China Investment Corporation (CIC), the sovereign wealth fund, has purchased a 10 per cent stake in Heathrow Airport Holdings. The firm which controls the UK’s largest commercial airport also owns other nationwide airports such as Glasgow, Stansted and Southampton – thus controlling a large proportion of flights in and out of the country.
CIC will pay £450 million to the company formerly known as BAA Ltd in return for a 10 per cent share in the business and its assets. While this is not a controlling share, it will be enough for the Chinese firm to exercise influence over the running of some of the UK’s major airports – thus allowing for the expansion of business channels between the UK and China.
In the agreement drawn up between the two firms, CIC will purchase a 5.7 per cent stake in FGP Topco – the holding company which owns Heathrow Airport Holdings Ltd – from Spanish company Ferrovial at a cost of £257.4 million. The remaining 4.3 per cent of CIC’s stake will be made up of shares sold by a number of FGP Topco’s investors for an additional cost of £192.6 million. In all, CIC’s 10 per cent stake will cost the sovereign wealth fund £450 million.
The Heathrow holding firm has received multiple international offers this year, with the CIC being the second corporation since August to express interest in purchasing a large stake. Qatar Holdings purchased 20 per cent of the company in August, although this deal is yet to be approved by the European competition regulators.

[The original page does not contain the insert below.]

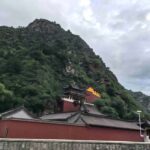 Taiyuan: Mount Wutai 1 Day Trip with Transfers and Guide - The Value of the Tour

Part of the reason why UK firms are so attractive to international investors is, ironically, due to the double dip recession. As the economy has not yet fully recovered, assets are at a lower price than they would be in a time of substantial recovery, meaning that investors can pick up a percentage of a business relatively cheaply and see a bigger profit when the market picks up as a result.
Additionally, the Eurozone crisis is making Britain an attractive investment destination. As Britain is not part of the Euro, companies wishing to expand their interests into Europe see this country as a safer foothold than, for example, Spain or France – both of which are struggling as a result of the single currency.
However, not all countries are as confident about Chinese investments as the UK, with both the USA and Australia recently blocking bids by some of the country’s most successful firms due to “security issues”.
Earlier this year, Huawei Technologies – a Chinese computer network and telecoms firm – announced its intention to invest £1.3 billion into the expansion of the UK arm of the company. While David Cameron proclaimed that the move showed that the UK was “open for business”, it seems that the Americans are not so sure about the firm.
In fact, last month US officials warned against doing business with Huawei and another Chinese firm as they posed a risk to national security, while Australia blocked a bid by Huawei for work on its national broadband network.
However, senior manager at Beijing-based pension fund Australia Super, Stephen Joske, believes that the suspicion surrounding Chinese businesses is based on misconceptions about the country’s intentions.
He says; “It is fair to say that the UK has a more open relationship with China than many other major economies.
“There is certainly a push all around the world for scrutiny of Chinese business – it has been ringing alarm bells.
“It is unfair to an extent, as these deals are a win-win transaction. Politics has been overshadowing economics.”
Do you think the formation of a close partnership between UK businesses and Chinese investors is a good thing, or do you believe that controlling stakes of UK firms should remain firmly within this country? Is the suspicion shown towards Chinese investment by countries such as the USA and Australia simply down to political bias, in your opinion, or do you think there may be underlying reasons that, as yet, the UK has not recognized?